Nunca imaginei que poderia assistir e consumir algum produto em uma velocidade que não fosse a concebida pelo autor. A famosa relíquia dos tempos primórdios, a fita VHS, também nos aproximava de um futuro distópico, pelo menos eu tinha a sensação de uma certa distopia. Você alugava um filme e depois de assistir por completo, a opção de retornar para a cena que mais gostava era viável. E a frustração de ter voltado demais? E de não achar o ponto exato? E o receio de estragar a fita e ter que pagar outra para o dono da locadora? Achar a cena certinha era uma conquista e tanto.
E o tempo...bom, o tempo passou e chegamos ao DVD. Melhoras significativas: som, imagem e, pasmem, eu poderia escolher a cena que mais gostava, ou adiantar as que não apreciava tanto, não precisava contar com o destino para colaborar com tamanha exatidão. Mas o ritual permanecia: o prazer de assistir pelos olhos do autor, ainda estava ali. Filme completo, mas aquela cena... Vou rever. Não tenho dúvidas: eu quebrei ou arranhei um DVD. E o prazer do funcionário da locadora diminuia consideravelmente, afinal, com a fita VHS, eu conseguia sentir a frustação dele ao lamentar:" Ok, você rebobinou a fita!". Agora, com o DVD, o brilho no olhar deu lugar ao ato de trocar os filmes e colocar em caixinhas distintas. O Plástico vazio? Era um sorriso do tamanho do mundo. Alguns rituais não mudaram com o tempo. O prazer da punição só mudou de formato.
Com os serviços de streaming, que são muito próximos dos canais de tv pagos, o consumo mudou novamente. Atualmente, as cenas podem ser "apreciadas" em cortes, de 30 segundos, no tik tok. Precisava de tantas vírgulas? Pensamento fragmentado. E o filme? Quatro horas de duração, com uma interrupção forçada...fita dupla que fala, né? Não existe certo ou errado em consumir entretenimento. Somos fruto de nosso tempo. Um mundo ansioso e ávido por quantidade, que em doses homeopáticas, talvez podemos sentar e tentar assistir algum produto por completo. E, no final, você ainda fica com aquela sensação de exaustão.

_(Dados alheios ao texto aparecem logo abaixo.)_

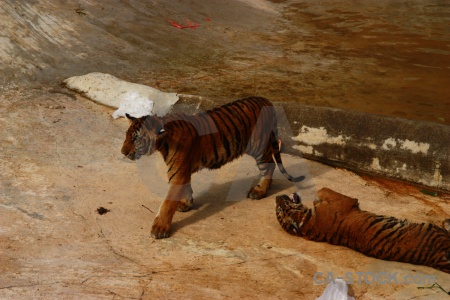 Pool asia animal tiger wat pha luang ta bua.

Uma tentativa das redes de cinema é aproximar o público jovem dos clássicos. O mais recente foi a comemoração de Seven. Eu assisti três vezes, mas as salas permanecem vazias. Detalhe importante: na mesa ao lado, três pessoas comentam como os doramas fazem "passar o tempo" e como elas podem controlar quando e como assistir. Uma delas ressalta:" Eu vejo novelas...na Globoplay". Seria o destino? Não, somente a mais pura realidade. Outro pensamento fragmentado. Também não seria fruto do tempo?
Qual o futuro do cinema? Tentativas ressurgem. Seven, um clássico? Me parece mais uma tentativa de resgatar um público cativado pela nostalgia. Tudo bem que assistir três vezes é um ponto fora da curva. Eu não entraria para alguma estatística. Mas realmente não sei o que nos aguarda. Você poderia perguntar: e os atendentes de locadora? Provavelmente estão trabalhando em serviços burocráticos, talvez com um sorriso aqui e ali, porém, a empolgação em ver clientes pagando taxas por não devolverem, VHS ou DVDS, na data limite, esse prazer, literalmente ficou no passado.